Mit traurigen Gesichtern zogen die Tollitäten ab, die trotzdem zum Empfang der geladenen Hoheiten gekommen waren. „Es war die richtige Entscheidung“, pflichtete Bürgermeister Hans-Georg Brum dem Zugausschuss bei, die meisten hohen Herren und Damen der Fassenacht nickten dazu, auch wenn das Grummeln in manchen Köpfen sichtbar schien, die im Lotteriespiel nicht unbedingt für die Sicherheitsvariante waren angesichts der aktuellen Wetterverhältnisse um die Mittagszeit. „Eine gute Entscheidung“, lobte auch Brunnenkönigin Pia I., die „so gerne“ mit dabei gewesen wäre beim Triumphzug durch die Stadt.

Frohsinn-Pressesprecher Gerd Krämer schloss sich dem am Rosenmontag an. Der „Kleine Rat“ nutzte die Chance, sich beim Empfang der Tollitäten in der Taunus-Sparkasse auf dem Epinay-Platz zu präsentieren, wie einige andere Oberurseler Formationen haben sie sich am Fastnachtsdienstag mit der Teilnahme am Umzug in „Fichtegickelshausen“ schadlos gehalten.
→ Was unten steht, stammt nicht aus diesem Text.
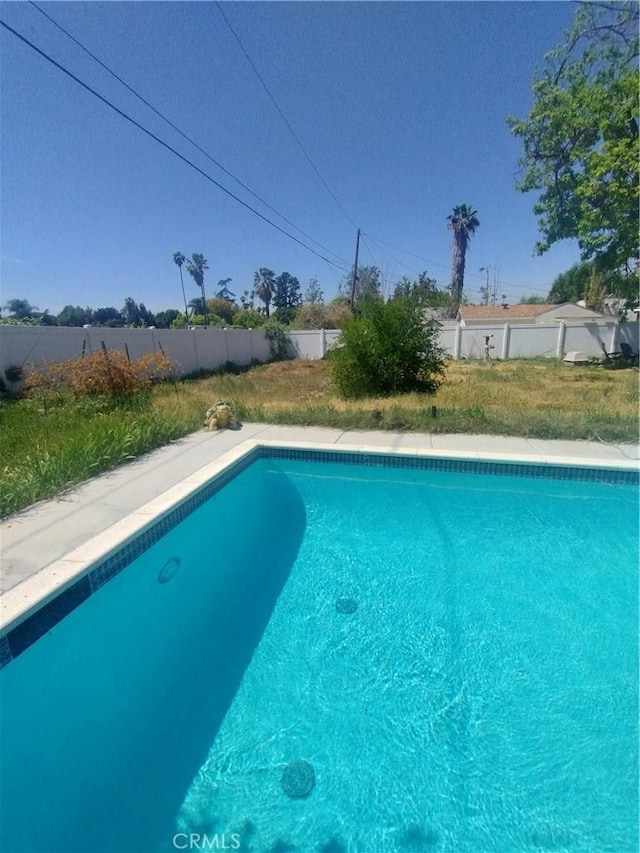 view of swimming pool with a fenced backyard and a fenced in pool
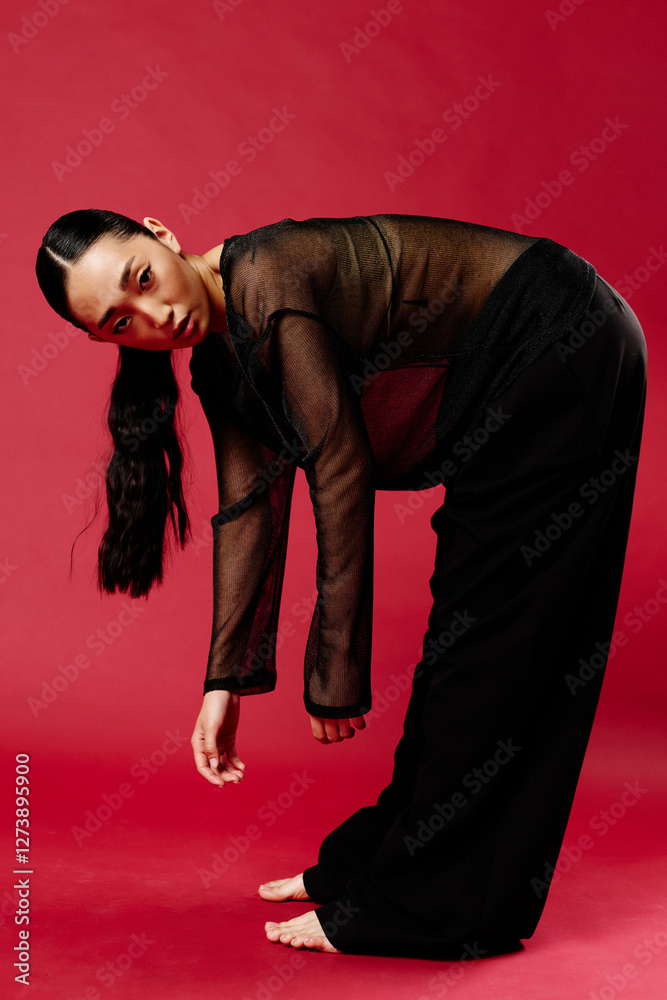 Asian woman in black pants and sheer top bending over on a red ...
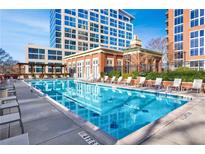 Beautiful outdoor pool with lounge chairs and clear blue water, surrounded by upscale buildings at 1820 Peachtree Nw St # 1207, Atlanta, GA 30309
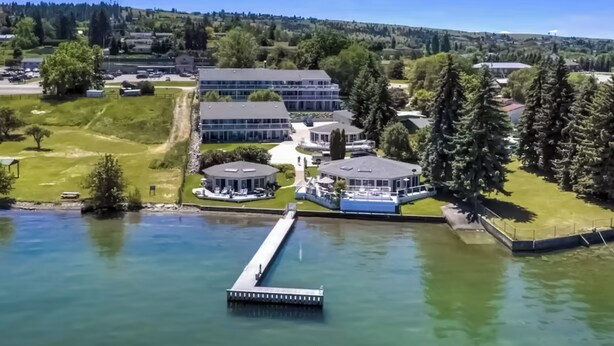 A lakeside property with a dock, buildings, and surrounding greenery. - Soft Sunsets & Still Water at Flathead Condo (Polson)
Das feierwütige Volk der Karnevalisten aber ließ sich vom Wind nicht schrecken, auch wenn es manch einen am Ende doch davongeweht haben mag. Hier und da schlossen sich kleine Gruppen mit ordentlicher „Mucke“ im Hintergrund zu Mini-Zügen zusammen und wären gerne auch ohne Zug zur After-Zug-Party in die Stadthalle gekommen. Da waren zur offiziellen Startzeit um 14.11 Uhr aber schon die Lichter aus und die Türen verschlossen, das organisierte Narrentum hatte sich auf dem Falkenhof in Bommersheim zum Feiern und zum Netzwerken in Sachen Zug-Ersatz zu einem Zeitpunkt X zurückgezogen. Die Stadthalle blieb zu, der vorgesehene Caterer auf seinem Angebot sitzen, die Chance zu einer Verlegung des Karnevals in den Saal blieb ungenutzt.

Partyzone am Epinay-Platz

So schnell sich die Nachricht über die Absage des Umzugs über die üblichen Kanäle verbreitet hatte, so schnell waren auch diejenigen informiert, die trotzdem Lust auf Straßenparty hatten. Wie in den vergangenen Jahren bereits üblich, entwickelte sich der Epinay-Platz in der Stadtmitte schnell zur Partyzone für das Jungvolk. Ein Platz überreichlichen Alkoholgenusses unter Teenagern war es geworden, entsprechend hoch war hier das Aufmerksamkeitslevel zahlreicher Sicherheitskräfte. „Alles im grünen Bereich“, hieß es dort lange, die Alkoholleichen am Wegesrand wurden als Kollateralschaden verbucht, der Regen am Abend spülte das fort, was sonst von öffentlichen Toiletten erledigt wird. Aus vielen Höfen und Kneipen in der Altstadt klang derweil fröhliche „Feiermusik des Lebens“, wie man es sonst nur beim Brunnenfest im Sommer hört.